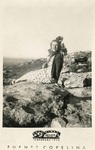 Woman sitting on rocks by Foto Mickey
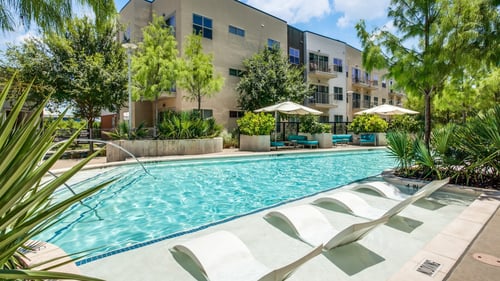 A swimming pool with sun loungers and a building in the background.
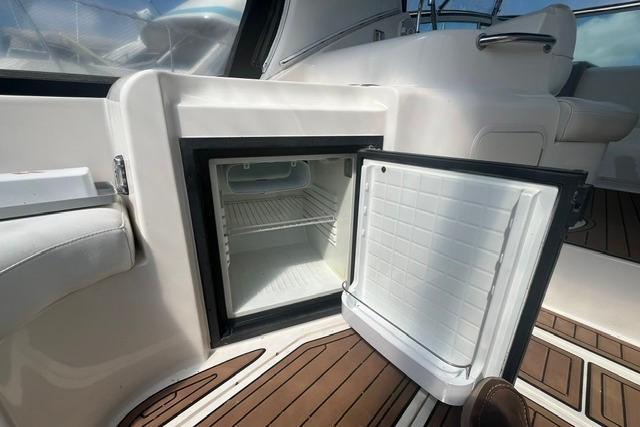 Open mini fridge on 2004 Cruisers Yachts 3372 Express, showcasing interior and deck flooring.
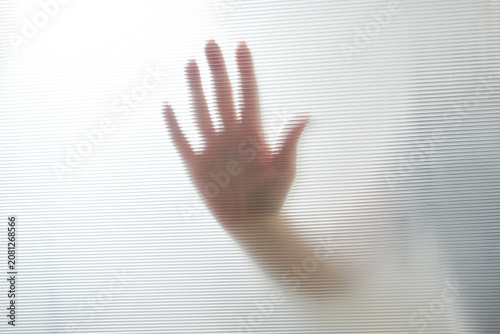 Принти на полотні Diffused silhouette of female hands through plastic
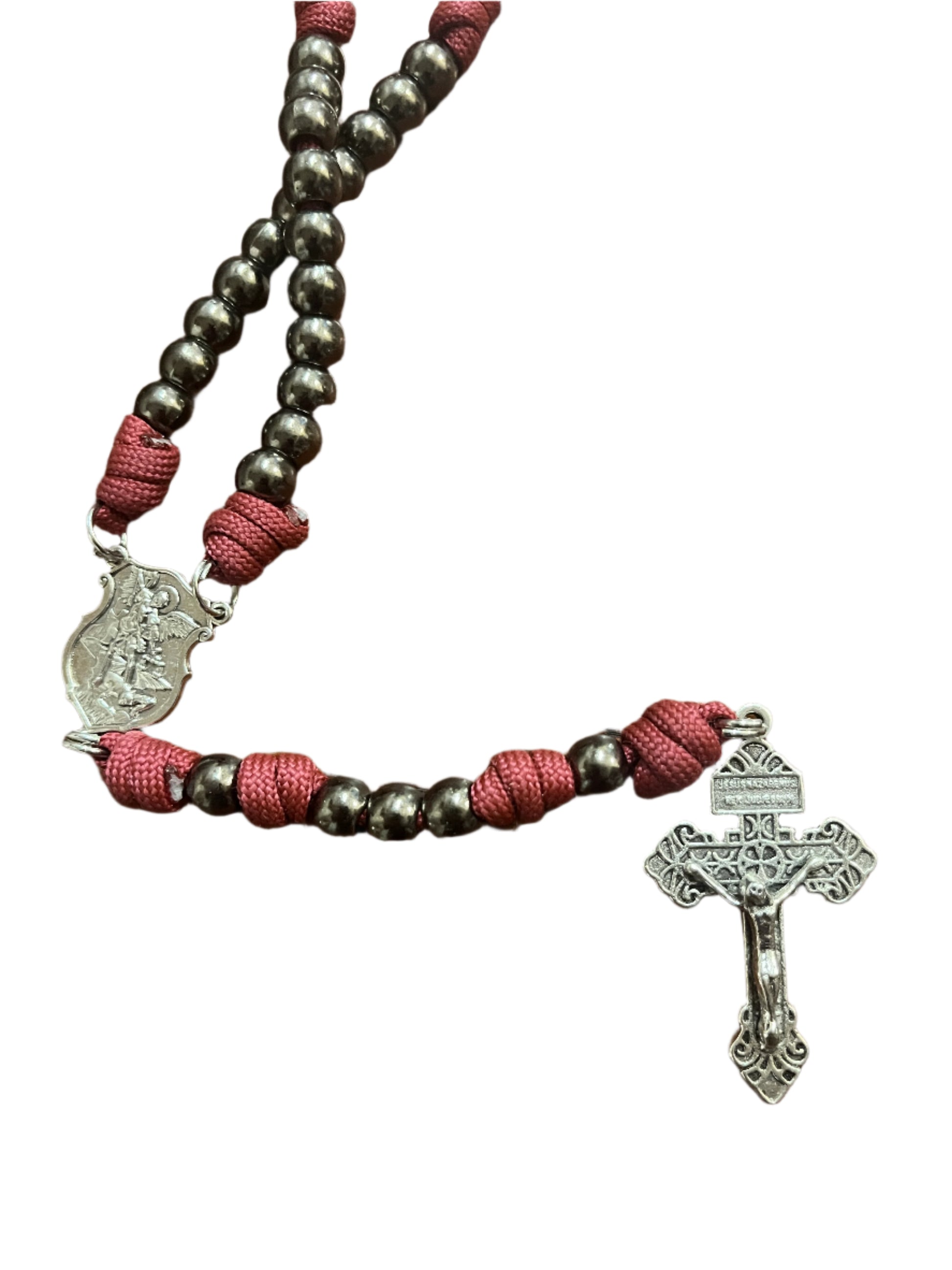 St. Michael paracord rosary with silver crucifix, dark beads, and red knotted cord for spiritual warfare protection.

Task objective
A word-for-word copy of the listing is needed. It must not include the pictures.

Result for this task
 Woman sitting on rocks by Foto Mickey
 A swimming pool with sun loungers and a building in the background.
 Open mini fridge on 2004 Cruisers Yachts 3372 Express, showcasing interior and deck flooring.
 Принти на полотні Diffused silhouette of female hands through plastic
 St. Michael paracord rosary with silver crucifix, dark beads, and red knotted cord for spiritual warfare protection.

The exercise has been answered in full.